I both agree and disagree with Jim's statement that "That one has some sort of non-representational "knowledge" of objects against which one can compare or verify one's representational or semiotic knowledge . . ." seems to be a commonplace notion that Peirce rejects."
 
I agree insofar as I agree that Peirce rejects some sort of unmediated, non-semiosic or extra-semiosic knowledge which would arise without the involvement of representation. Moreover, in that regard, I agree with Peirce in rejecting it.
 
I disagree insofar as I hold that Peirce talks about _direct but mediated_ experiences of objects and insofar as Jim's thinking tends to lead to the elimination of the object altogether behind logically bad regression, an infinity of layers of representations, the nearest of which is the only thing which one is "actually observing" and which one in fact can't observe since one can observe only a representation of it, which in turn one also can't observe, etc., etc., etc.  If you are observing -- soever mediately but still directly -- a thing as your focus of interest, then not only is it, indeed, your semiotic object, your subject matter, but, also, you are observing it directly, though soever mediately, as your semiotic object.

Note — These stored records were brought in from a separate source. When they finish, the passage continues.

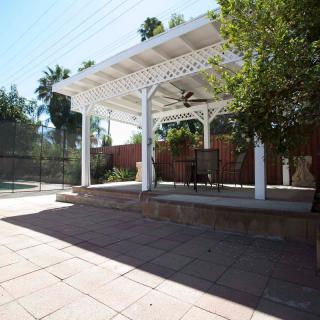 A sunny backyard with a white pergola providing shade over a tiled patio area.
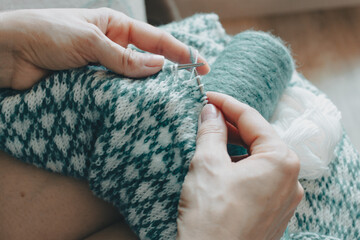 Norwegian knitted pattern in woman hands. Girl holding knitting needles and beautiful knitting pattern. Woman with white and azure knitted pattern. Knitting hobby. Knitwear concept. Spot sweater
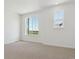 Bright bedroom featuring neutral carpet, large windows and white walls at 6902 Huddersfield Ln, Castle Pines, CO 80108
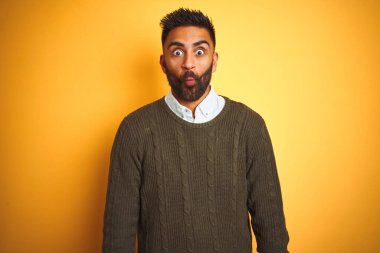 Yeşil kazak ve tişört giyen genç Hintli adam izole edilmiş sarı arka planda dikiliyor dudaklı balık suratı yapıyor, çılgınca ve komik hareketler yapıyor. Komik ifade.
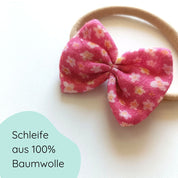 kleine Haarschleife für Babys aus Musselin mit dezentem Blumenmuster Detailbild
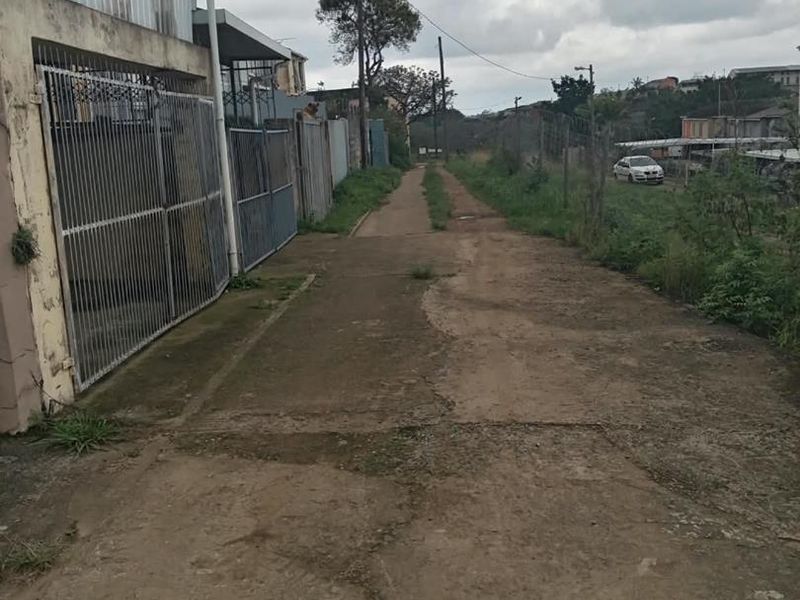 A view of the exterior access path and driveway area showing weathered concrete surfaces and perimeter security fencing.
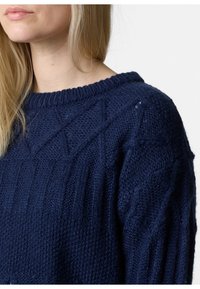 Dunkelblauer Strickpullover mit einem strukturierten Design, das am Vorderteil über gerippte und rautenförmige Muster verfügt, sowie einem runden Ausschnitt.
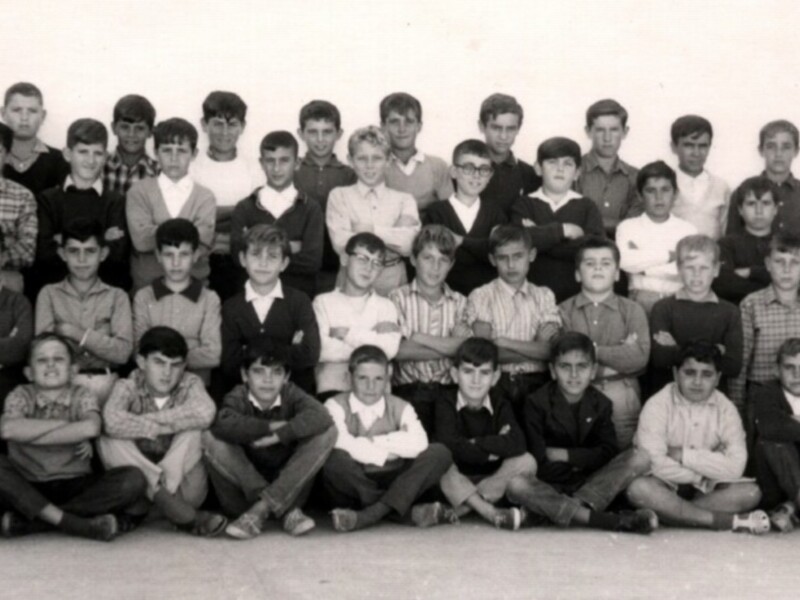 Grupo de niños en una foto de grupo de escuela, con uniformes y camisas de diferentes colores. Algunos niños llevan gafas y otros tienen el brazo cruzado. El fondo es blanco y hay dos adultos en la parte superior de la foto.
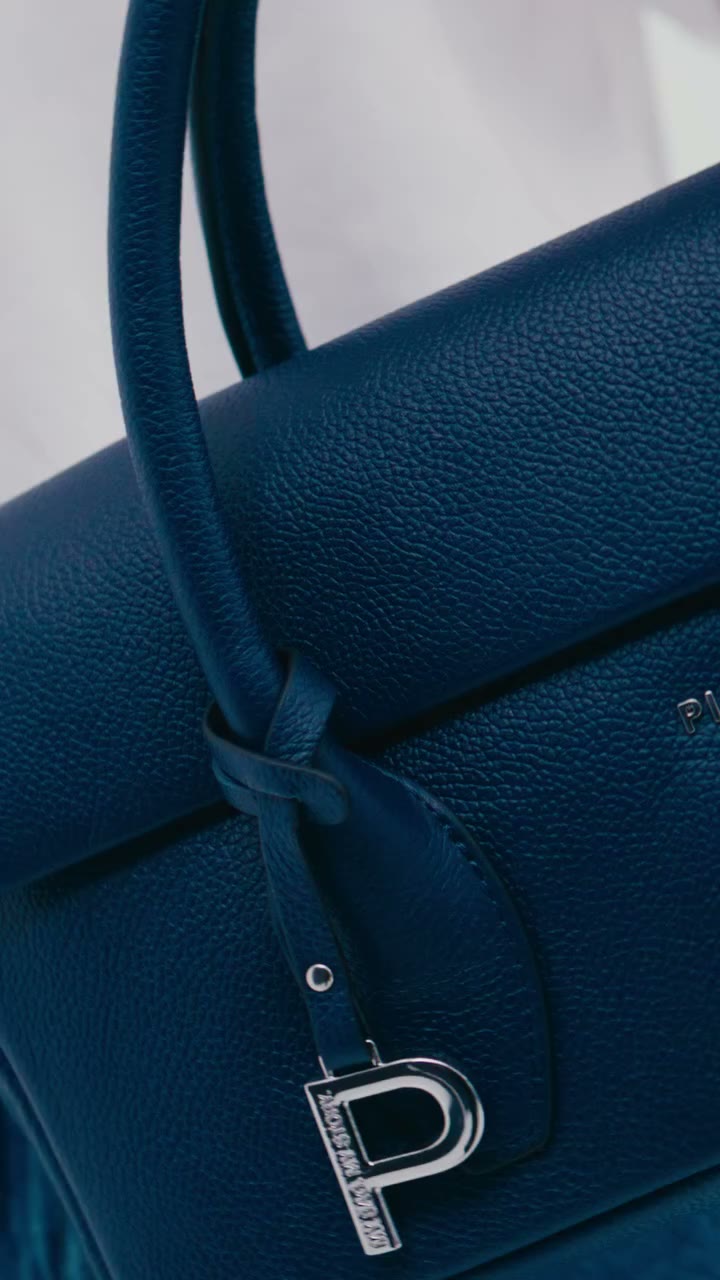 Not every bag deserves this kind of energy — but the BUSY LADY does.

If, instead, you are observing it for that which it conveys to you about some other object, then you are observing it as a sign; and you are observing (soever mediately) your sign, and not some further interposed sign about your sign.  I don't think that Peirce rejects that sort of thing and I agree with Peirce in not rejecting it.
 
But as to an "unmediated cognition," I'm arguing (1) that that simply is a confused way to look at it, because these "extrasemiosic channels" are themselves _not unmediated_ (though they can be direct), but instead _are semioses_ which (A) happen not to be in question as semioses at the time (like the interpretant's separate relation to the object, which also is analyzable into a semiosis, and like the recipient's undiagrammed "other ways" of knowing about the source) and (B) may be largely unconscious (e.g., processes involved in perception), and (C) are outside only of a given semiosis up to the point in its evolution where it arranges for them (e.g., scientific "special experiences") or takes them in, and (2) that furthermore it is the "learningful" nature of semiosis to incorporate them into itself over time. I'm saying that semiosis -- deliberate or nondeliberate, controlled or uncontrolled, conscious or unconscious, in the large or in the small -- consists of elements {Object - Sign - Interpretant - Recognition (verification, establishment, etc.)} and that a recognition is not "outside of" semiosis a.k.a. the inference process, but instead involves semiosis's checking itself (spot-checking at least) against that which it represents, be it via retained experiences which retain their experiential substantiative legitimacy or via newly acquired experiences, and checking itself not just in the sense of cybernetic feedback governing behavior, but in the sense of learning which leads to reinforcement, undermining, augmenting, diminishing, renovation, redesign, etc., etc., of the _semiosic system_'s very structure, design, habits (including habits of objectification, representation, interpretation, and establishment), the semiosic system's very character.  An individual vegetable organism does not evolve. A mind _does_ evolve.